It took three so-called journalists at the far-left, taxpayer-subsidized NPR to publish an in-depth look at what it means when you use skin-colored emojis.
Even more impressive is how this triple-bylined act of journalism manages to clarify nothing. Instead, what we have here is a heaving pile of pseudo-intellectual gibberish buried in appropriate woke phrases and clumped together in such an Orwellian way, no conclusion is made — other than the obvious one: every choice made by white people is raaaaaacist.
If anything, NPR’s “Which skin color emoji should you use? The answer can be more complex than you think” will be remembered as an artifact from a time when America was so prosperous and spoiled, we had the luxury to assign three people to cover shit that doesn’t matter, and no one cares about.
Talk about luxury problems…
“In 2015, five skin tone options became available for hand gesture emojis, in addition to the default Simpsons-like yellow,” the three NPR welfare queens report. “Choosing one can be a simple texting shortcut for some, but for others, it opens a complex conversation about race and identity.”
The only conclusion one can glean from this — other than we have become a society of fragile babies — is that too many people have way too much time on their hands.

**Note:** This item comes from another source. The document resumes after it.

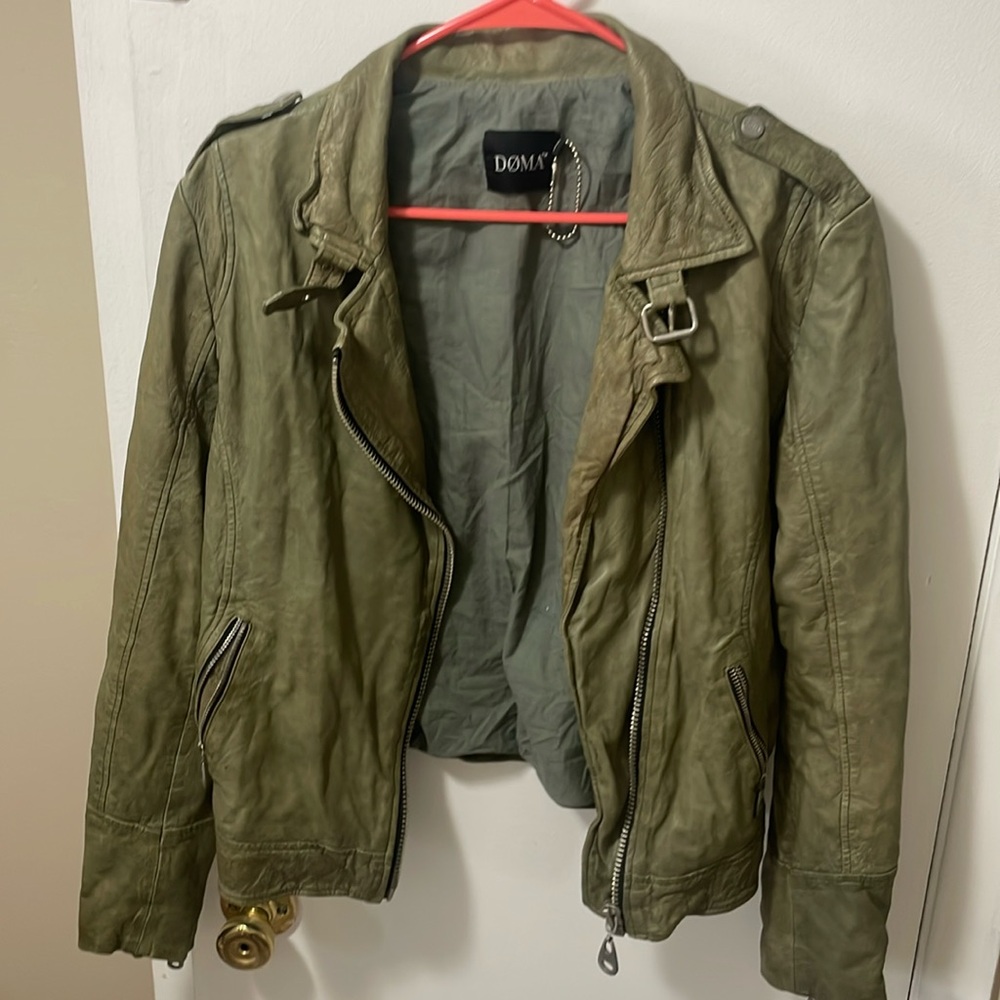 Doma sea green leather jacket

What’s more, these crybabies live a life with so few real problems they have the emotional space to allow an emoji to launch “a complex conversation about race and identity.”
Do they not own a TV?
Anyway, can you imagine living a life so perfect that the color of a stupid emoji is something you have the luxury to worry over? Get a load of this:
Heath Racela identifies as three-quarters white and one-quarter Filipino. When texting, he chooses a yellow emoji instead of a skin tone option, because he feels it doesn’t represent any specific ethnicity or color.
[…]
“I use the brown one that matches me,” said Sarai Cole, an opera singer in Germany. “I have some friends who use the brown ones, too, but they are not brown themselves. This confuses me.”
[…]
“I use the default emoji, the yellow-toned one for professional settings, and then I use the dark brown emoji for friends and family,” she said. “I just don’t have the emotional capacity to unpack race relations in the professional setting.”
Naturally, we’re told that no matter which emoji a white person chooses, it’s triggering.

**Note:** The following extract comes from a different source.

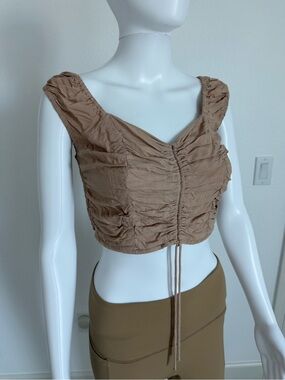 Japna Ruched Crop Tank Top in Light Brown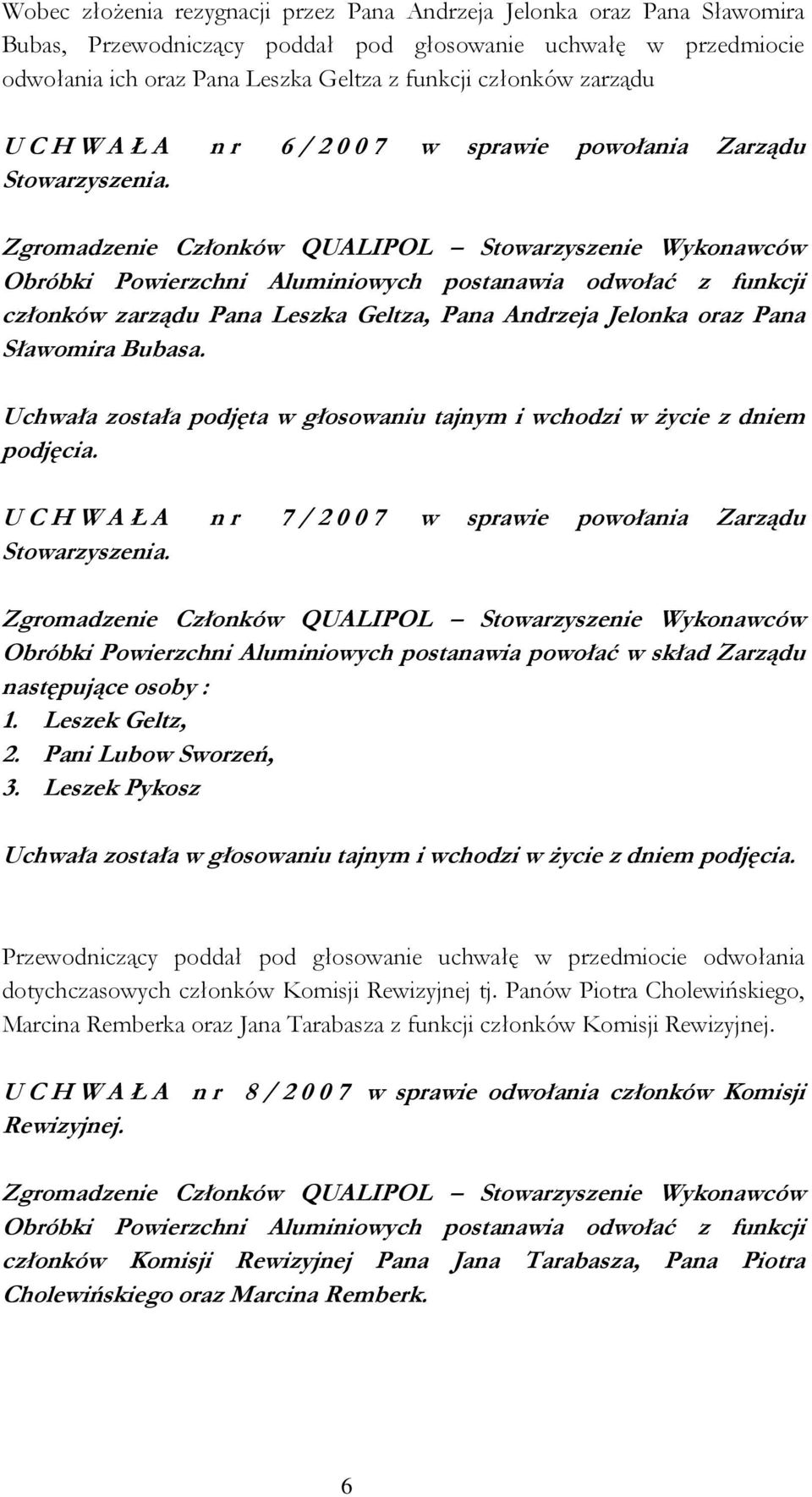 Sławomira Bubasa. Uchwała została podjęta w głosowaniu tajnym i wchodzi w życie z dniem podjęcia.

For example, instead of using the white-skinned emoji, “some white people may stick with the yellow emoji because they don’t want to assert their privilege by adding a light-skinned emoji to a text,” the three NPR welfare queens report.
Also, using the white-skinned emoji instead of the neutral yellow-skinned emoji can be interpreted as a white person committing the sin of taking “advantage of something that was created to represent diversity.”
But…
If you are white and choose not to use the white-skinned emoji., that is also racially problematic. Included in this story (written by three NPR welfare queens) is the real-life horror tale of a white guy who uses — gasp! — brown-skinned emojis.
“One friend who is white told me that it was because he felt that white people were overrepresented in the space that he was using the [brown] emoji, so he wanted to kind of try and even the playing field,” a woman told three NPR welfare queens. This woman then added: “For me, it does signal a kind of a lack of awareness of your white privilege in many ways.”
So since white people are problematic using the white-skinned emoji and just as problematic when not using it, we should stick to the neutral emoji, the yellow-skinned one, correct?
Nope.
The yellow-skinned emoji is equally problematic. You see, the yellow-skinned emoji cannot be considered neutral because on The Simpsons, “there were yellow people, and there were brown people, and there were Black people.”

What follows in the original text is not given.